Pluriversal Reflections on Early Childhood Education in the BNCC: the "echo" of diversity and respect for differences in the Learning Objectives and Fields of Experience
Early childhood education; Pluriversality; BNCC; Ethnic-racial relations; Anti-racist education.
The research entitled "Pluriversal Reflections on Early Childhood Education in the BNCC: the 'echo' of diversity and respect for differences in the Learning Objectives and Fields of Experience" seeks to answer the following central question: Is the Pluriversality of Brazilian children included in the National Common Curricular Base for Early Childhood Education? In this way, it aims to explore whether - and in what way - the Pluriversality of Brazilian children is exposed in the BNCC-Educação Infantil. This objective is broken down into the following specific objectives: a) to review the scientific knowledge associated with Pluriversality in the educational field; b) to identify the Pluriversality present (or absent) in the discourse of the BNCC-Early Childhood Education and c) to reflect on pluriversal aspects, challenges and possibilities in Early Childhood Education beyond the BNCC. This research, linked to the Postgraduate Program in Education (PPGE) of the Federal University of Alagoas, in the research line "Education, Cultures and Curricula", is inserted in and dialogues with the productions of the Group of Studies and Research in Pedagogies and Cultures of Children (GEPPECI), especially with regard to investigations into the images of children in educational policies - with a focus on curricular policies - and their possible implications for teaching and educational practices.

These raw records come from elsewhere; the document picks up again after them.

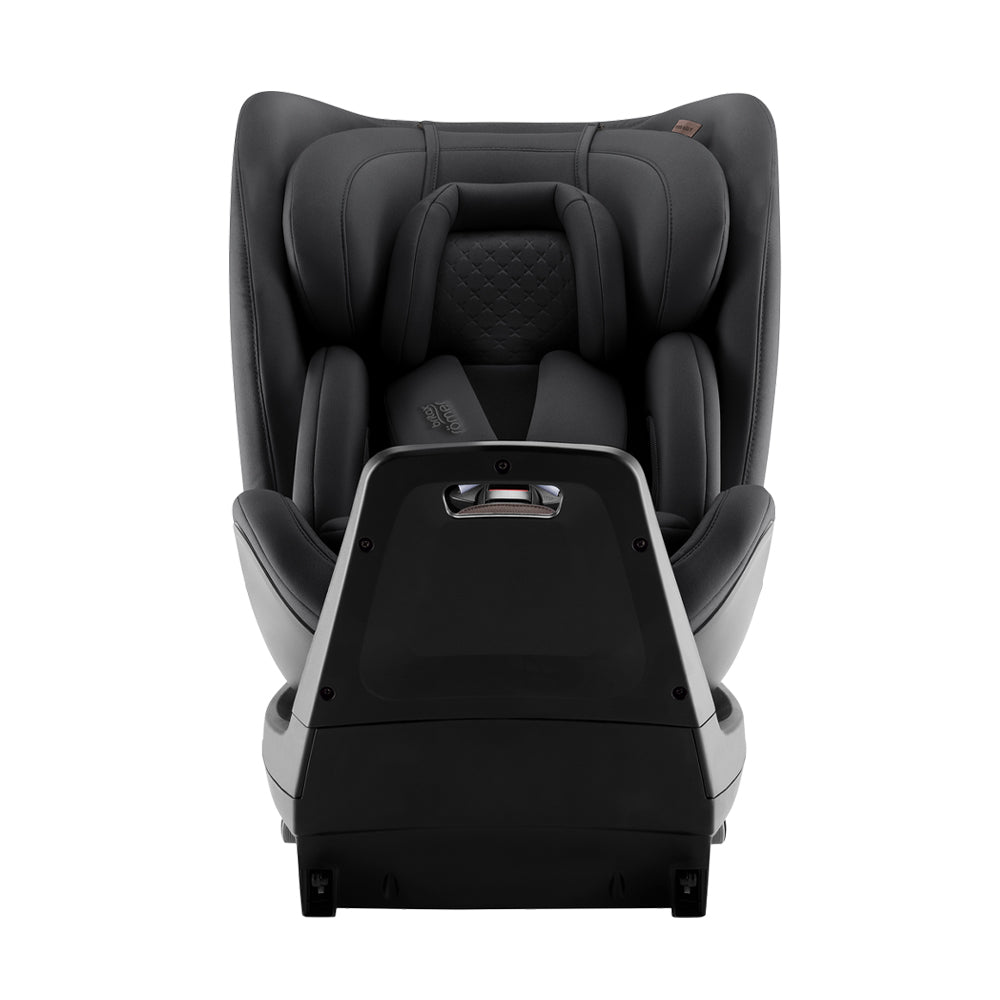 Swivel Max Air (Birth - 7yrs)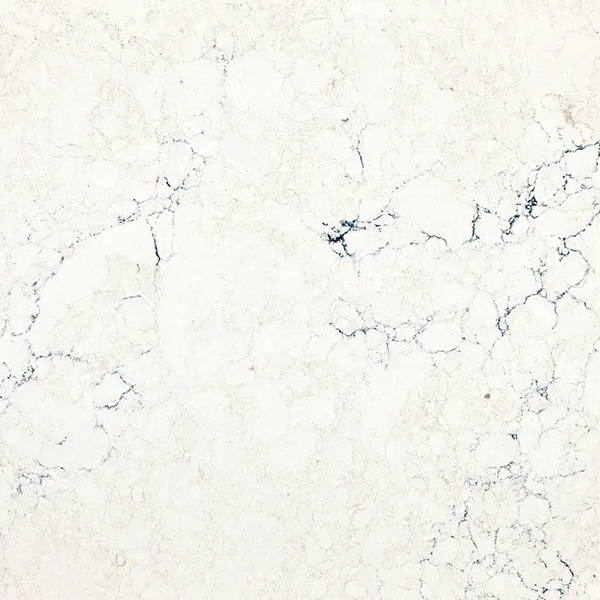 Cambria Travella Polished 3cm | Quarry | Slab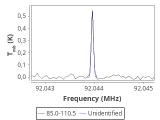 ori-c2-5-0_0:3mm_red_14.png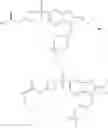 Fig. 274 - Therapeutic Compounds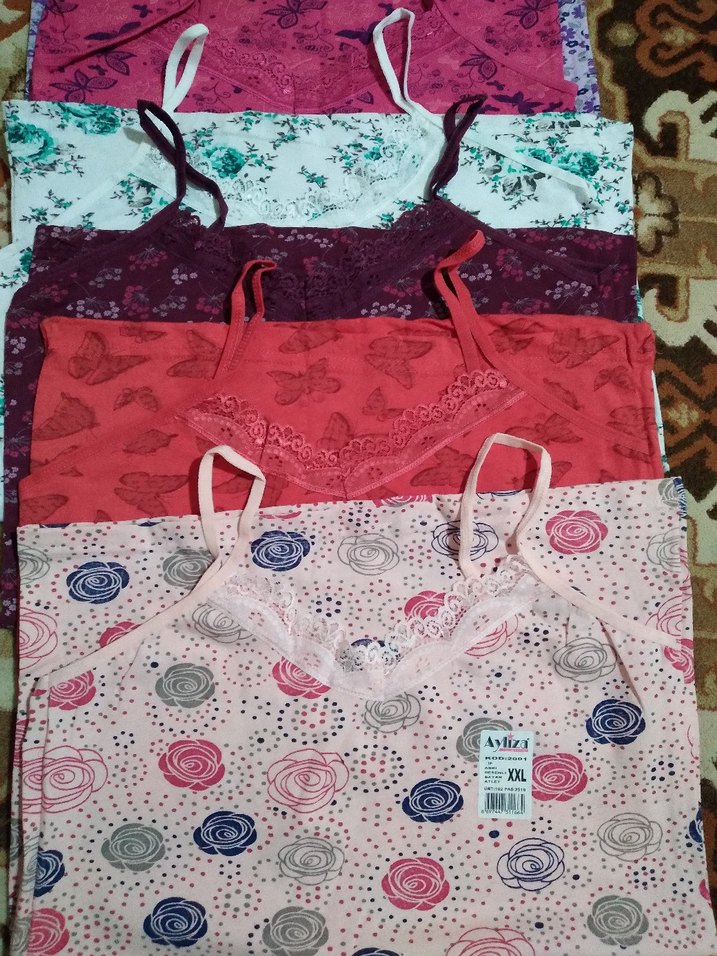 6 adet fiyatıdır - Görsel 2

To achieve this, under a qualitative research parameter (Yin, 2016), its methodological outline involves a Systematic Literature Review (Brizola; Fantin, 2016) and Thematic Analysis (Braun; Clarke, 2006) for an investigative continuum that points to the inevitability of critically deepening studies on the curriculum regulations in question and their developments that directly and indirectly impact black children and their trajectories in their educational processes.The partial results indicate that pluriversal reflections are fundamental for a critical reading of the National Common Core Curriculum for Early Childhood Education, given that this concept allows us to confront what is proposed in the document, uncovering universalizing discourses and their meanings imbued in the document. With this thesis, we hope to contribute to thinking about other possible paths and alternatives from the perspective of an anti-racist education that considers all children - and each one of them - from the time they are babies.